It’s a day I’ll always remember. The moment, the feeling.
As an avid social media enthusiast and participant, I struggled with the conviction God put on my heart to disconnect for the day: “God, this is a historical day! I’m a millennial, female pastor in the Seventh-day Adventist church! How can I NOT participate!”
Learn to trust Me.
In your surrender, you will find Peace.
And so I did the unthinkable – I turned off my Twitter and Facebook notifications, (blasphemy, I know!). I went into the office like I do everyday. I spent the day worshipping, singing, reading, praying, praying with friends, ministering. Waiting, hoping, and learning to trust.

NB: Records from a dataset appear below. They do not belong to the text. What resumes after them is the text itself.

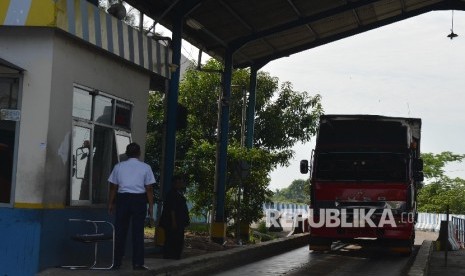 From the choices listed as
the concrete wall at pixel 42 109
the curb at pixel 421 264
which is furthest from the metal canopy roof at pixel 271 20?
the curb at pixel 421 264

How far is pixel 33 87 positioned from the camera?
10734 mm

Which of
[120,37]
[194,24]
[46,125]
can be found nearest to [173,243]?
[120,37]

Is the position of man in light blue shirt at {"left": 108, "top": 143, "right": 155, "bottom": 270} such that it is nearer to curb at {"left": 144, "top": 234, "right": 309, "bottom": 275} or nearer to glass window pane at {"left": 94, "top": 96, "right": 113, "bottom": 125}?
curb at {"left": 144, "top": 234, "right": 309, "bottom": 275}

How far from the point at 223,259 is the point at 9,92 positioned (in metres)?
6.07

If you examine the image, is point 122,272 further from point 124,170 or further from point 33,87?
point 33,87

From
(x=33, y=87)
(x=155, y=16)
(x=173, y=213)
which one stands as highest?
(x=155, y=16)

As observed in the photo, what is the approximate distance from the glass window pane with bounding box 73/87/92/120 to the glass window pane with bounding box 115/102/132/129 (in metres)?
1.05

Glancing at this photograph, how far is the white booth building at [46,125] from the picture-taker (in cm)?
1054

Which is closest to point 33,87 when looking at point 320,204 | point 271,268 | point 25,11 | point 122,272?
point 25,11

It was the right thing to do.
Later in the evening I was with a friend, a student I have the honor of serving alongside in Campus Ministries actually. Oh how I praise God for her! Her gentle spirit and comforting thoughtfulness had helped keep my eyes on Jesus throughout the day. We had decided to watch a childhood movie favorite of ours, but just a few minutes into the film I got the call. Brother, friend, co-laborer Garrison Hayes called just as the votes were being announced. Together the three of us sat in silence and we listened over the speaker phone as the totals were read aloud. Once. And then again. And the heaviness of my soul broke into soft tears – the burden of my heart for our church grieved me. “I’m sorry Anna,” my brother comforted. My heart shattered. I am too. Nevertheless, we should praise God.

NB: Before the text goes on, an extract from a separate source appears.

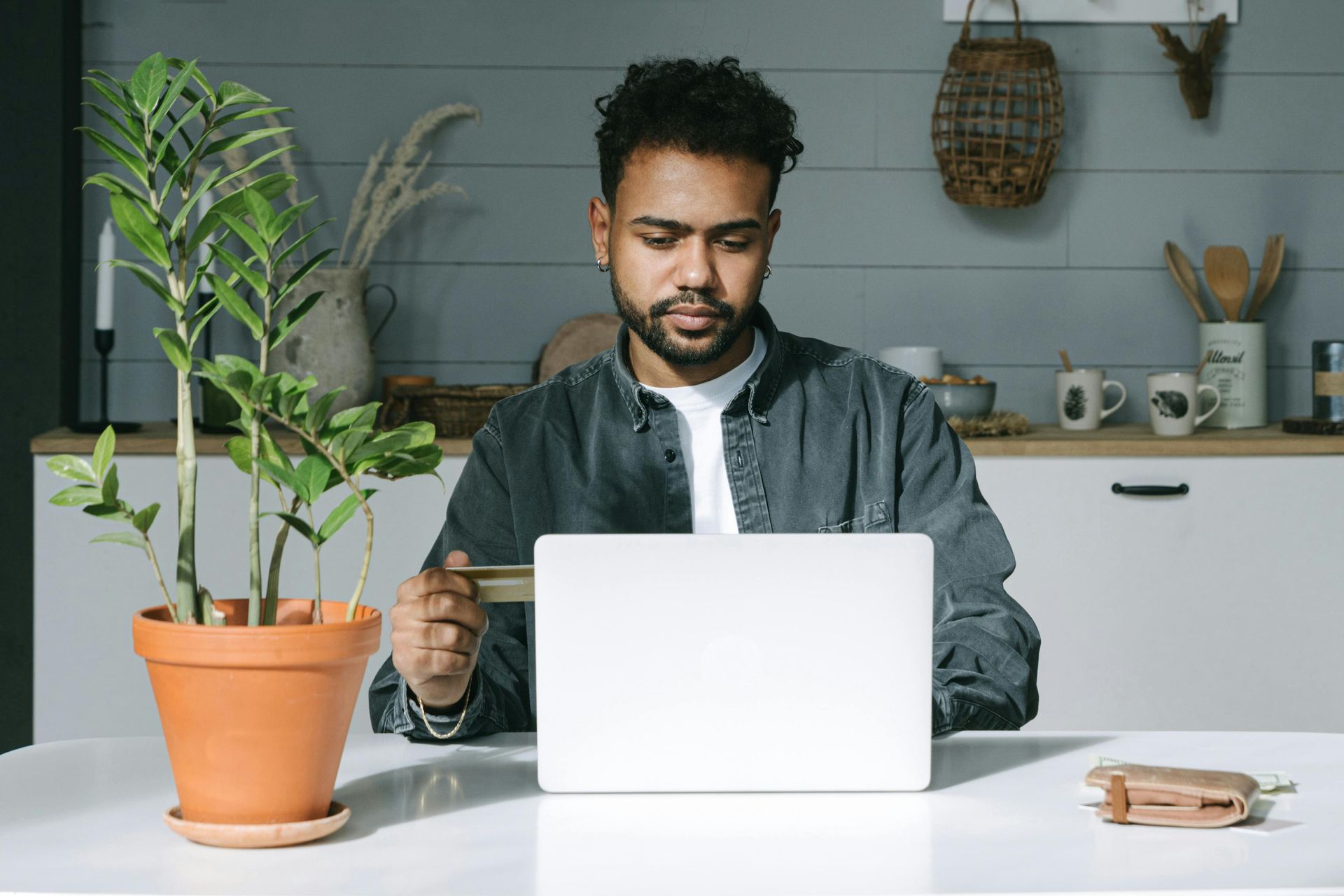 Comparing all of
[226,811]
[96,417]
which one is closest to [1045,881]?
[226,811]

Then came the flood. Mixed with tears of sadness was the rush of texts, phone calls, Facebook posts and tweets affirming, comforting, encouraging, uplifting my soul. Brothers and sisters in ministry, family, friends, mentors, co-laborers all speaking, writing, reassuring, and reaffirming the peace that passes all understanding and planting it firmly in the deepest caverns of my heart. We cried together, prayed together, wrestled with God together. Then, just as we promised we would, we worshipped together.

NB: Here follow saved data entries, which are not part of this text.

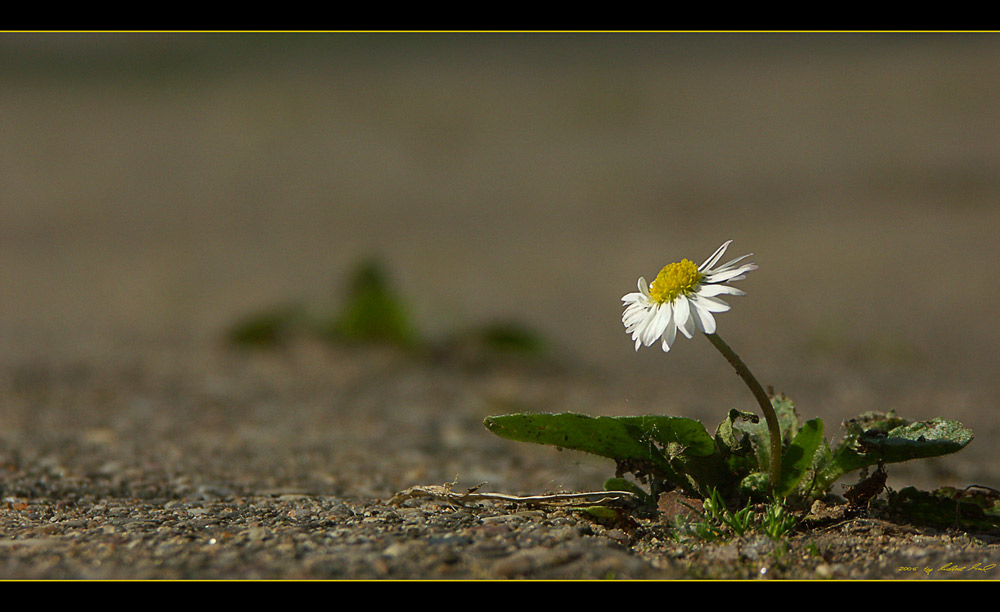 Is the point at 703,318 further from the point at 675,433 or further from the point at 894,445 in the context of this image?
the point at 894,445

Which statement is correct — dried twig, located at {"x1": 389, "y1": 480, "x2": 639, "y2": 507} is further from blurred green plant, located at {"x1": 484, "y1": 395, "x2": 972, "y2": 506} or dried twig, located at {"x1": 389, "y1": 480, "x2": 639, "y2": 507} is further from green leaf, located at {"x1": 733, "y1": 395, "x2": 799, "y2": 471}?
green leaf, located at {"x1": 733, "y1": 395, "x2": 799, "y2": 471}

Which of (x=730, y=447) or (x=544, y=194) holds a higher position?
(x=544, y=194)

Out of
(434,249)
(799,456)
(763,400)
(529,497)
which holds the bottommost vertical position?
(529,497)

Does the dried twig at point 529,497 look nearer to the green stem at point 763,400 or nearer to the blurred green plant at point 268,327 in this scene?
the green stem at point 763,400

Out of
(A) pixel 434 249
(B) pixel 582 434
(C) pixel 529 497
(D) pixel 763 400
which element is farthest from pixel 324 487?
(A) pixel 434 249

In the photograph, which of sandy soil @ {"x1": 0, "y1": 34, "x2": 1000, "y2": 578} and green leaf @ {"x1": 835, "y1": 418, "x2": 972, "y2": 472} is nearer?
green leaf @ {"x1": 835, "y1": 418, "x2": 972, "y2": 472}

Precious Lord, take my hand [take our hands] and lead me [lead us] into the Promised Land.
Trust and obey for there’s no other way, to be happy in Jesus but to trust and obey.
My hope is built on nothing less than Jesus’ blood and [His] righteousness.
I share all this because it is my testimony – my witness to declare that in my utter brokenness and confusion, disappointment and sorrow, pain and uncertainty I choose to remain. I choose to commit. I choose stay. I choose to follow. I am just another broken person in a broken church body. But…
It is in our brokenness that God makes things new.
His Word emphatically declares over and over again: “My grace is sufficient for you, for my power is made perfect in weakness,” 2 Corinthians 12:9. What if God desires our brokenness over our unity at this moment? What if, in our brokenness and weakness, we find our truest unifying motivation. When I read the SDA Bible Commentary the joy of this text becomes even more full:
“Inward strength to endure is a far higher manifestation of the divine grace than mastery of the outward difficulties of life. Outwardly a man [or woman] may be torn, worn, wearied, and almost broken, yet inwardly it is his privilege – in Christ – to enjoy perfect peace. . . . The Christian paradox is that occasions of weakness may be transformed into occasions of strength. Defeat can always be turned into victory. Real strength of character grows out of weakness, which, in distrust of self, is surrendered to the will of God,” (Vol. 6, 921).
Distrust of self. Surrender to the will of God. Honestly, it’s not an easy thing. Nor is it a destination we every fully reach, but more of an ongoing process. For God desires our holiness more than our happiness.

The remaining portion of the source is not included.